Gold Coast property sales are up by 25 percent

Gold Coast property sales are up by 25 per cent, the highest jump in the past four years.

Asian investors and a surge in tourism have helped to push house and unit sales up by 25 per cent to reach a level not seen in four years.

A new report by RP Data shows there were more than 18,000 property sales on the Gold Coast during the 12 months to May this year, a number which hasn’t been reached since 2010. That has coincided with a rise in house values of 7.3 per cent and 7 per cent for units for the year to June.

RP Data senior research analyst Cameron Kusher said growing demand was driving the strong sales, although they were still low when compared to historic levels.

“They are nowhere near where they were in 2001, 2003, but they are heading in the right direction,” he said.

“In most areas that’s translating into price growth. “More demand is having upwards pressure on property prices.”

He expected low mortgage rates and rising demand would see the market maintain its momentum “for some time yet”.

Ray White Surfers Paradise Group chief executive Andrew Bell said sales figures were bolstered by a surge in international tourism and strong Asian-based investment. “There is also no question that tourism has contributed to market activity,” Mr Bell said.

“We’ve had a great tourist season which has led to a lot of domestic and international visitors investing here. “In the past 12 months our office has sold more than 200 properties to Asian-based investors which shows the Gold Coast is firmly on their radar.”

Mr Bell said homeowners had been fearful to put their properties on the market in recent years. “The past five years represented one of the most sluggish periods in real estate for the Gold Coast for some time,” he said.

“That period, when market confidence was low, created five to six years’ worth of pent-up demand which we are seeing come through now the market has turned.”

A number of developments added to the strong sales figures including The Islands at Emerald Lakes and Riverlily at Robina.

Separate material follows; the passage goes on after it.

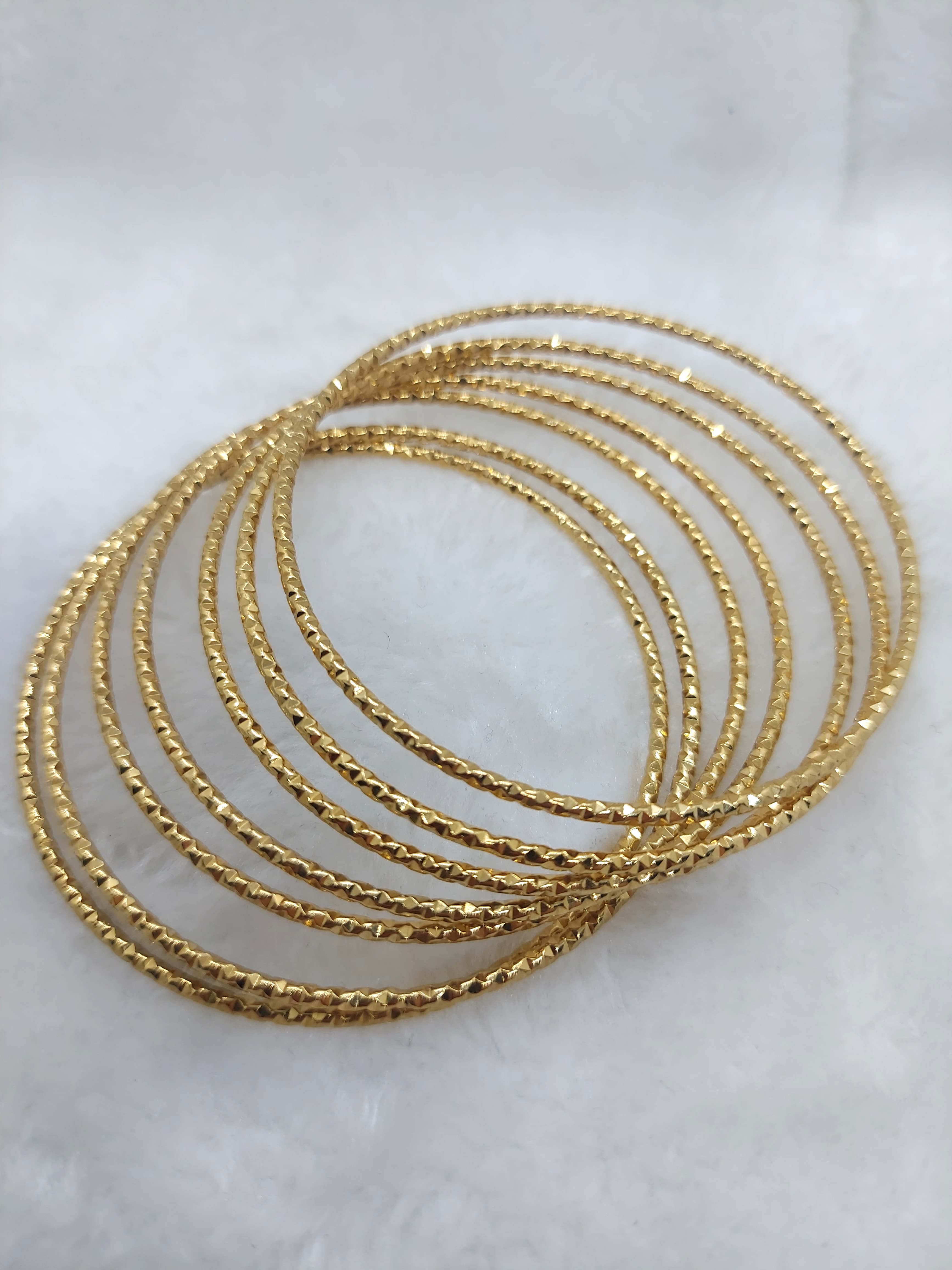 Les 7 bracelets Relief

However, the increase in sales appears to have slowed since May, with industry leaders reporting a “massive” stock shortage across the entire city.
Gold Coast property researcher Colleen Coyne said listings had dried up after an 18-month sales surge.

“Now that prices have started to improve, people have been given an incentive to hold on to their properties,” Ms Coyne said. “It has created a massive drop in listings.”

The Gold Coast outperformed other regional cities including Townsville where sales were 1 per cent lower over the last year and Cairns where sales were 15 per cent higher.